## WORK REQUIRED
Only the lines in the entries below from the line with "Luis Mata of" to the line with "Diamond high heels summer stiletto sandals.", both included, belong in the answer, transcribed exactly and without pictures.

## EXCERPTED RECORDS
════
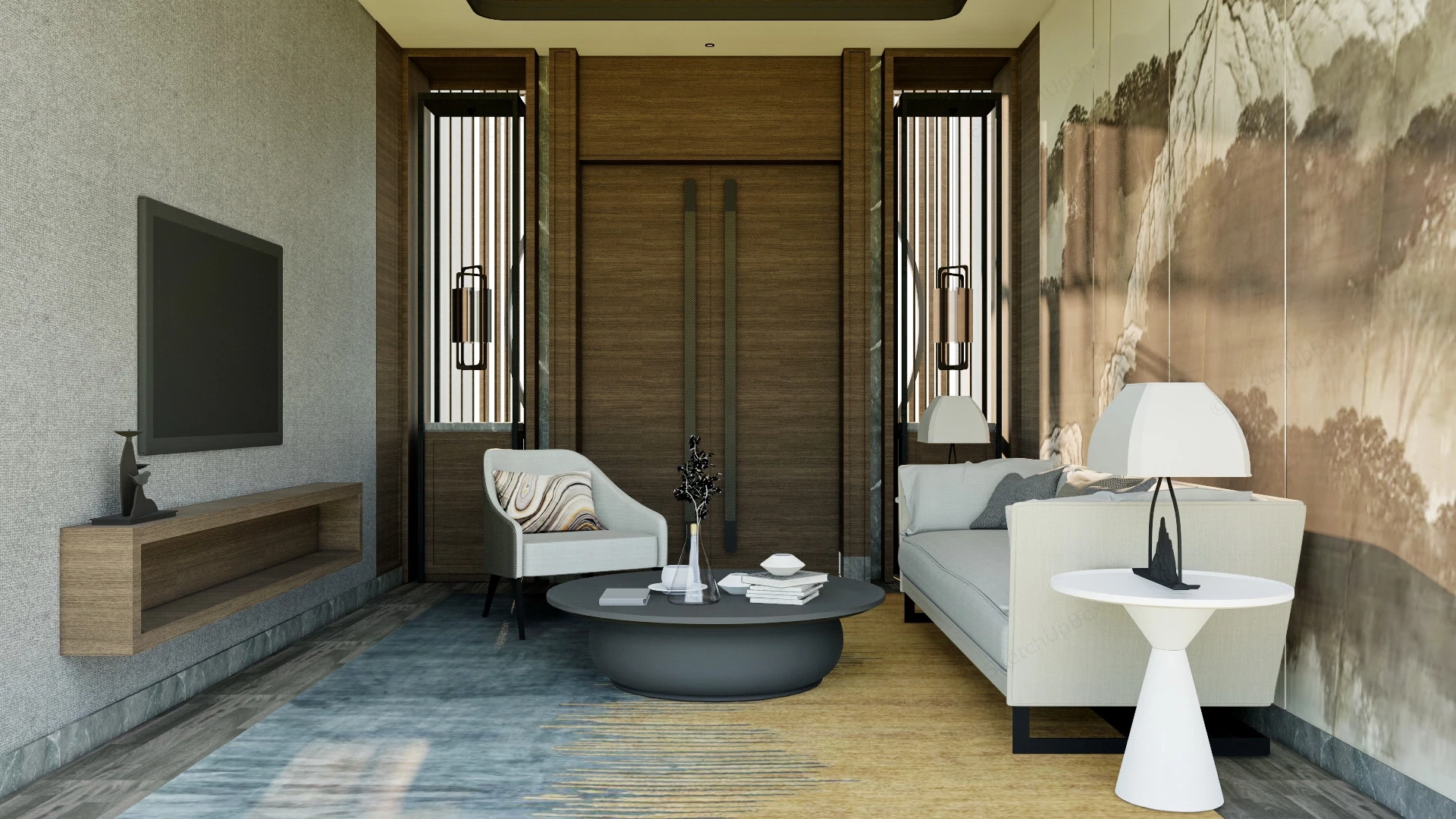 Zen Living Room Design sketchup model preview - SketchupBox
════
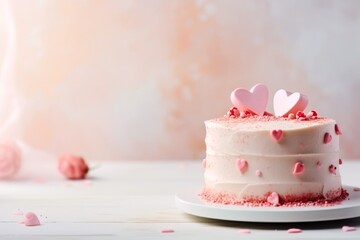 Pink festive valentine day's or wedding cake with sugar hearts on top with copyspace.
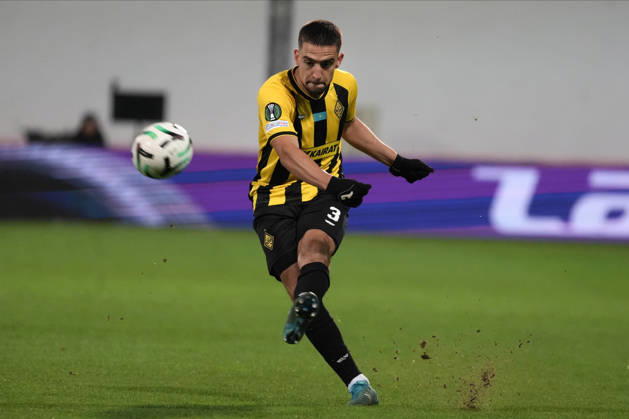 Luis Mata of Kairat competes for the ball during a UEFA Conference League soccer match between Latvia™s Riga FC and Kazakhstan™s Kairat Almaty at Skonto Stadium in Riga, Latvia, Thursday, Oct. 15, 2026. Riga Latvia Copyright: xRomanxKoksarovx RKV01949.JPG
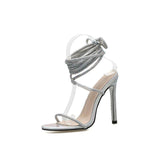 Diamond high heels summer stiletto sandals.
════
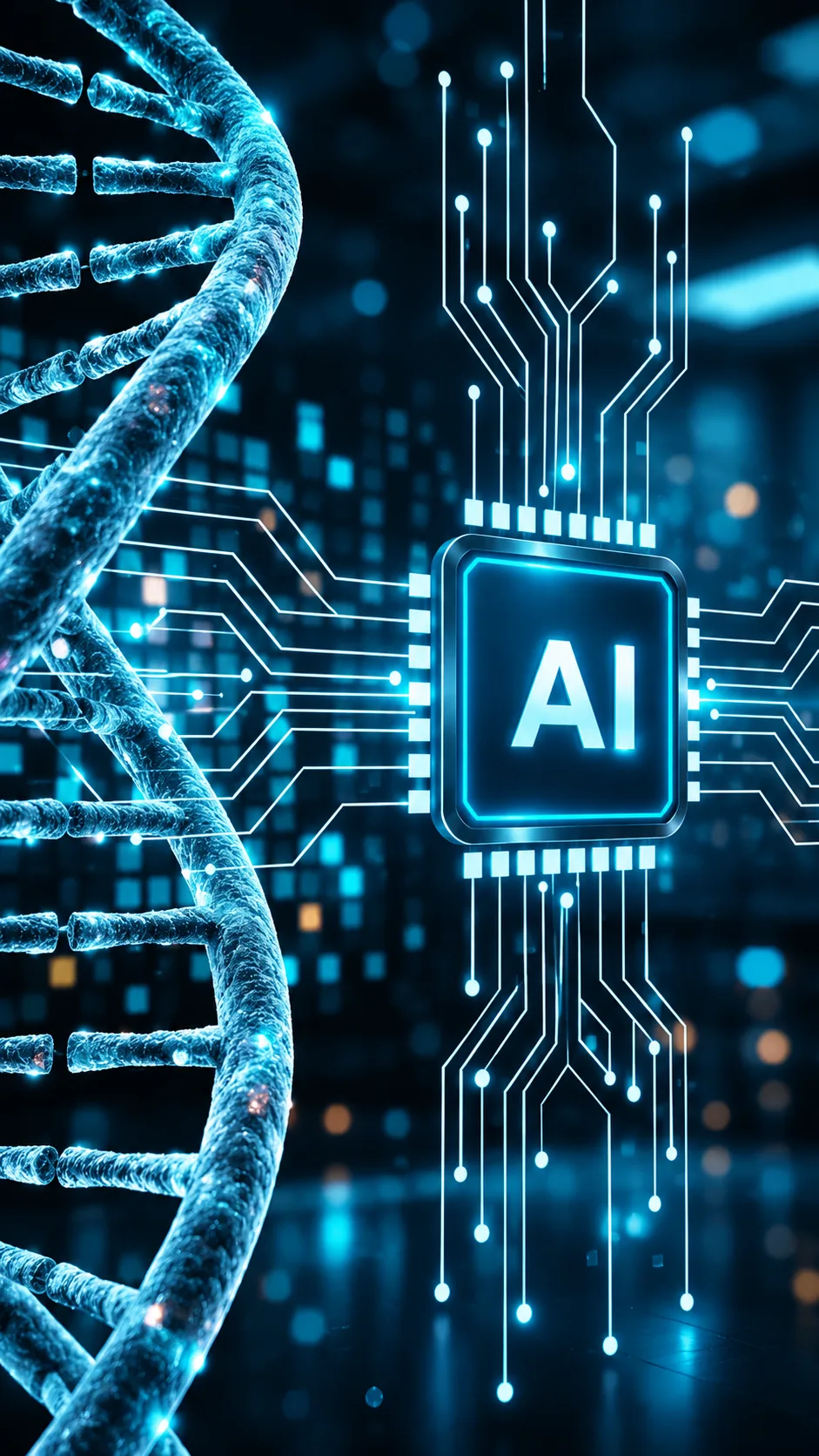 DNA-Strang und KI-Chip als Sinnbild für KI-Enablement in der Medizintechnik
════
## TASK OUTPUT
 Luis Mata of Kairat competes for the ball during a UEFA Conference League soccer match between Latvia™s Riga FC and Kazakhstan™s Kairat Almaty at Skonto Stadium in Riga, Latvia, Thursday, Oct. 15, 2026. Riga Latvia Copyright: xRomanxKoksarovx RKV01949.JPG
 Diamond high heels summer stiletto sandals.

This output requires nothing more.